I successfully built-up Linux version of QT application, but I simply can not run application when build on
Windows platform.

I always get error:

The application was unable to start correctly (0xc0000005). Click OK
to close the application.

Application includes QWT and QWTPolar and I also built-up examples, which comes together. The QWT examples
are running OK, but QWTPolar examples are reporting the same error like my application.

I am using QT 4.8.1, mingw (gcc 4.4.0), QWT 6.0.1 and QWTPolar 1.0.0.

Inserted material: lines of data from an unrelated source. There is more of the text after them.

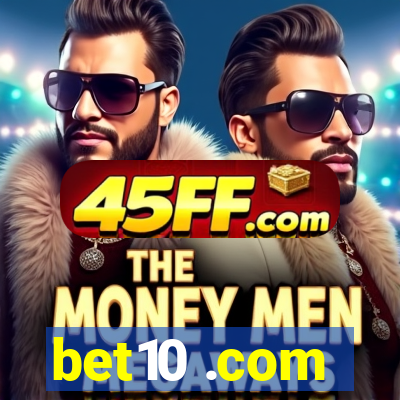 bet10 .com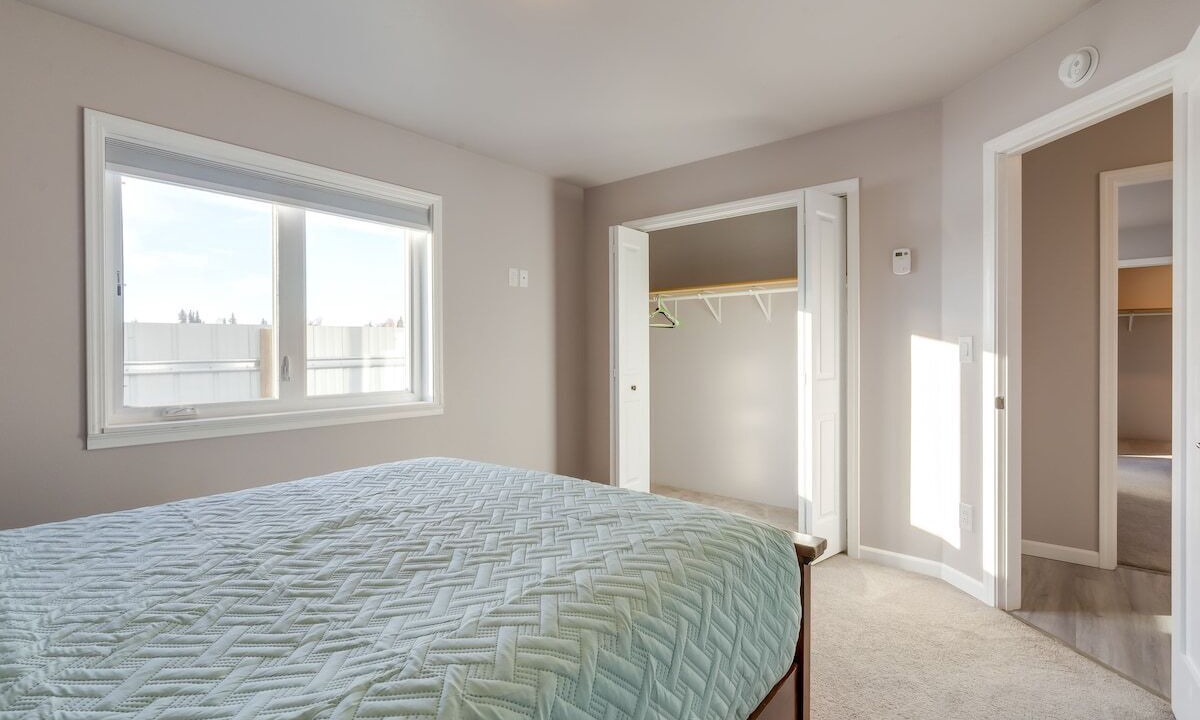 Photo of Bedroom in Fairbanks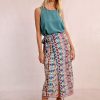 Gonna Fantasia Multicolor Fiocco MOLLY BRACKEN - immagine 4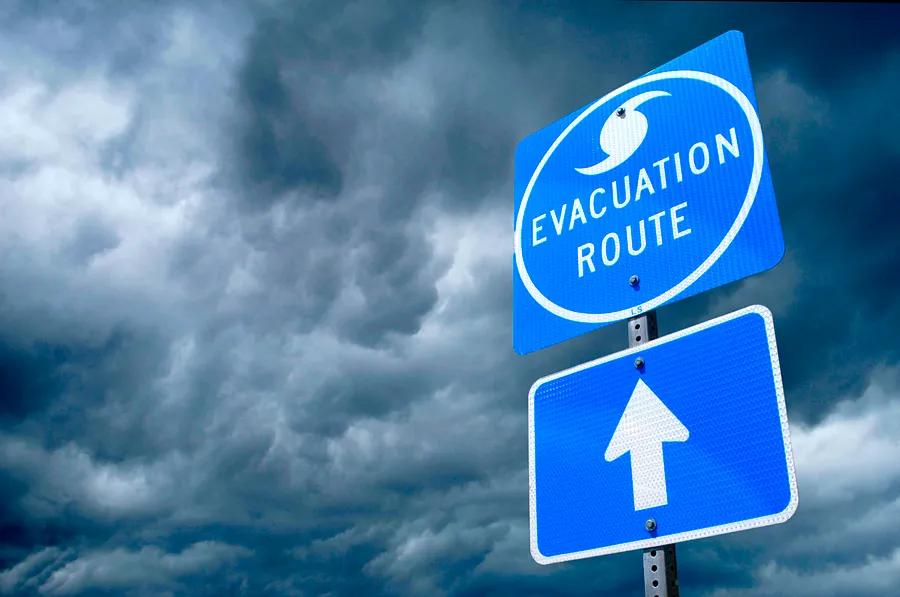 Key information for guests at hotels affected by Hurricane Milton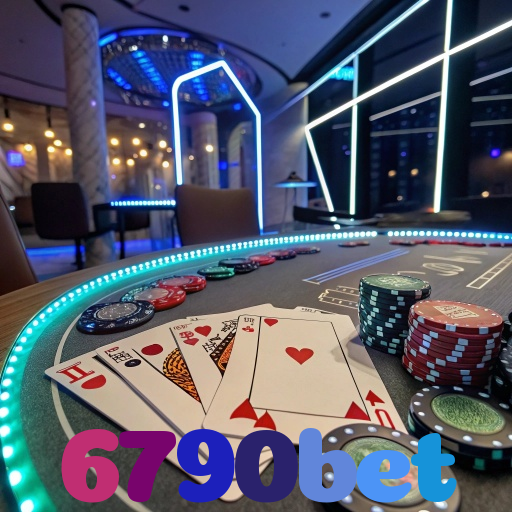 6790bet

When building QWTPolar I always get an error during build if I downloaded sources in zip file. If I get it from SVN
the QWTPolar built-up OK, except of some warnings like:

compiling plot.cpp
In file included from ..\..\..\Qwt-6.0.1\include/qwt_raster_data.h:14,
from plot.cpp:5:
..\..\..\Qwt-6.0.1\include/qwt_interval.h:270: warning: 'bool QwtInterval::isVal
id() const' redeclared without dllimport attribute after being referenced with dll linkage

and

c:/mingw/bin/../lib/gcc/mingw32/4.4.0/../../../../mingw32/bin/ld.exe: warning: auto-importing
has been activated without --enable-auto-import specified on the command line.
This should work unless it involves constant data structures referencing symbols
from auto-imported DLLs.

Thanks and best regards

d_stranz
22nd April 2012, 00:30
You should be posting Qwt related questions in the Qwt sub-forum here.


0xc0000005

This error occurs because you are trying to use a null, uninitialized, or otherwise bad pointer. It is due to an error in your code somewhere.



compiling plot.cpp
In file included from ..\..\..\Qwt-6.0.1\include/qwt_raster_data.h:14,
from plot.cpp:5:
..\..\..\Qwt-6.0.1\include/qwt_interval.h:270: warning: 'bool QwtInterval::isValid() const' redeclared without dllimport attribute after being referenced with dll linkage


This is a known warning, and the solution was recently found and posted to the Qwt mailing list. It has to do with isValid() being used in a method before it has been defined inline, because the compiler has already created a non-inline reference to the method. It will be fixed in a future release of Qwt but can be safely ignored for now. The fix is basically to rearrange the order that the methods are declared so that isValid() is defined before it is used.